Verona, 29 dicembre 2011 – Bollicine nel bicchiere: tra nuovo gusto dei consumatori per i vini più facili da bere e voglia di novità accattivanti, giovani e fresche, i vini spumanti italiani stanno facendo la parte del leone, trainando l’export del made in Italy enologico sui mercati di tutto il mondo. Ma nei ristoranti italiani l’offerta non si ferma alle bollicine nazionali, tanto che l’80% delle carte dei vini propone anche etichette straniere, contro un 20% che continua ad essere nazionalista convinto. Lo evidenzia la seconda partedell’indagine realizzata da Vinitaly su un campione di circa 300 operatori del settore rappresentativi di tutte le aree geografiche italiane, estrapolato dall’incrocio dei ristoranti segnalati dalle principali guide: Gambero Rosso, Il Golosario, Slow Food, L’Espresso, Jeunes Restaurateurs d’Europe. Il sondaggio, dal titolo “Vinitaly incontra la ristorazione”, è il primo di una serie che apre il dialogo tra il più importante salone internazionale del vino e una categoria particolarmente interessata ad “approfittare” delle occasioni offerte da Vinitaly per conoscere nuove cantine e diverse declinazioni del vino, per creare nuove tendenze del bere o assecondare quelle emergenti di consumatori sempre più curiosi.
Dei ristoratori che offrono alla loro clientela anche bollicine straniere, la quasi totalità sceglie la tradizione francese, ma c’è un 9% che propone bottiglie spagnole o addirittura, con grande intraprendenza, provenienti da Australia, Cile e Nuova Zelanda, oltre che dalle più vicine Germania, Austria, Slovenia e Croazia.
Passando dalla provenienza al numero complessivo di etichette di bollicine proposte, dall’indagine emerge che il 31% delle carte dei vini ne contiene fino a 10, il 22% fino a 25, il 27% fino a 50, ma c’è anche un 8% di ristoranti che ne ha in cantina oltre 100.

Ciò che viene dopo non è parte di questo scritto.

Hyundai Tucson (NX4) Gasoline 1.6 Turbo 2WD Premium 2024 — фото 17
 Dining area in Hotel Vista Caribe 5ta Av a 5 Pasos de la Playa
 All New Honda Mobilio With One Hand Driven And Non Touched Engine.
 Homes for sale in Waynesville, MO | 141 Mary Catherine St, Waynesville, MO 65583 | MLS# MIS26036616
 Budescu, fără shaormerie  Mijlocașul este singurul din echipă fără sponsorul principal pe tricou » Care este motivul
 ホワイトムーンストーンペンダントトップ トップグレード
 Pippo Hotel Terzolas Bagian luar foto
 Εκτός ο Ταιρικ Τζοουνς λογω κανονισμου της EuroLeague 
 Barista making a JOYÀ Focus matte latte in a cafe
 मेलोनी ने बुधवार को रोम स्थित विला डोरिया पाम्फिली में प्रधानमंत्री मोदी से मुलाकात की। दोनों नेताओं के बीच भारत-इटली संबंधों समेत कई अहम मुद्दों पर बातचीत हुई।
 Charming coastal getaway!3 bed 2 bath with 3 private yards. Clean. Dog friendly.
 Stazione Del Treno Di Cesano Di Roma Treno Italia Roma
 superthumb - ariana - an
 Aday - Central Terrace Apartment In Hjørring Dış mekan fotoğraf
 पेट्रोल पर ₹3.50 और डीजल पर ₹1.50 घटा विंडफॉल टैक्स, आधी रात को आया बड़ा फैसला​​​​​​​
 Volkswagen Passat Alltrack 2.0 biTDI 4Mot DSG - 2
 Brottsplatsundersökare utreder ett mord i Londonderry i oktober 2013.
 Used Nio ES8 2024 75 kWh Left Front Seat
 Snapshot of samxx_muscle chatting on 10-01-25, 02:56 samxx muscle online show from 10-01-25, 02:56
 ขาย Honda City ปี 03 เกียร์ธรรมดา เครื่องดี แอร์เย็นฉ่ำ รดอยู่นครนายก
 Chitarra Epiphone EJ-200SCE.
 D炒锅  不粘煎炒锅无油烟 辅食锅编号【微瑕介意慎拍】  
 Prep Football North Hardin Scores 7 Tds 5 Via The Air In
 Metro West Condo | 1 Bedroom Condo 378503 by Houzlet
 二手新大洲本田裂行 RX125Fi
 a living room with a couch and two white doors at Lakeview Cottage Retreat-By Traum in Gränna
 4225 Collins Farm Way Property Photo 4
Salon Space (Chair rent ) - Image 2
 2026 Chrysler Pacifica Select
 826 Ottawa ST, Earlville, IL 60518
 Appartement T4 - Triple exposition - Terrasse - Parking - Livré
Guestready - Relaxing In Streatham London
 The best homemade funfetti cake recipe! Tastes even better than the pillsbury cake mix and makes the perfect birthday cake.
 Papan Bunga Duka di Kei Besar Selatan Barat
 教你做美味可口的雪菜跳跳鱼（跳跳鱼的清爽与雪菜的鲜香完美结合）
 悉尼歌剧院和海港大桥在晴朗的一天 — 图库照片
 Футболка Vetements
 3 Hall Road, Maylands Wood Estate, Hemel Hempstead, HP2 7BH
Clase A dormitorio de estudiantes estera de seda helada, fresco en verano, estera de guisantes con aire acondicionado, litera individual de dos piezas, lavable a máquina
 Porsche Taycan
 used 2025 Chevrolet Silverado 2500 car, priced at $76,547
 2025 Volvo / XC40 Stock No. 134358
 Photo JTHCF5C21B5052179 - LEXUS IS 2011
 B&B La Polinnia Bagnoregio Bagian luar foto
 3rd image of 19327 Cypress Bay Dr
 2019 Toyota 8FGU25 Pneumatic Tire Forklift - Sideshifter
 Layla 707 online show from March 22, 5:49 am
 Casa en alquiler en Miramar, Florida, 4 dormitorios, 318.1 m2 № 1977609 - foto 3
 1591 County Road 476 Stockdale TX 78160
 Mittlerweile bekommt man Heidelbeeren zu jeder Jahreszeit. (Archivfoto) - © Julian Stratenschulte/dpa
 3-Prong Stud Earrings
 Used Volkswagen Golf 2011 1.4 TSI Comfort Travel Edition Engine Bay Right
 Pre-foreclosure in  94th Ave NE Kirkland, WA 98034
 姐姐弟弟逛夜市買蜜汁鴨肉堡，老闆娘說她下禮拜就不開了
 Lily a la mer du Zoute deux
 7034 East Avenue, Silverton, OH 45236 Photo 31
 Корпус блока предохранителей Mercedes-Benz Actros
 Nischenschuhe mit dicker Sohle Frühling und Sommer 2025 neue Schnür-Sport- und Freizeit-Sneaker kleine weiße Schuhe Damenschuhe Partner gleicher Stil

La propensione dei ristoratori a comprare bollicine straniere supera attualmente quella manifestata per le altre tipologie di vino. Il numero di chi offre bianchi, rossi o rosé non made in Italy, infatti, è più ridotta rispetto al dato emerso per i vini spumanti: se per questi ultimi i 4/5 dei ristoratori acquista all’estero, nel caso dei vini bianchi si scende al 63% e al 60% per i rossi, fino ad arrivare al 28% per i rosati. La Francia fa sempre la parte del leone, ma per i vini tranquilli la provenienza è più variegata.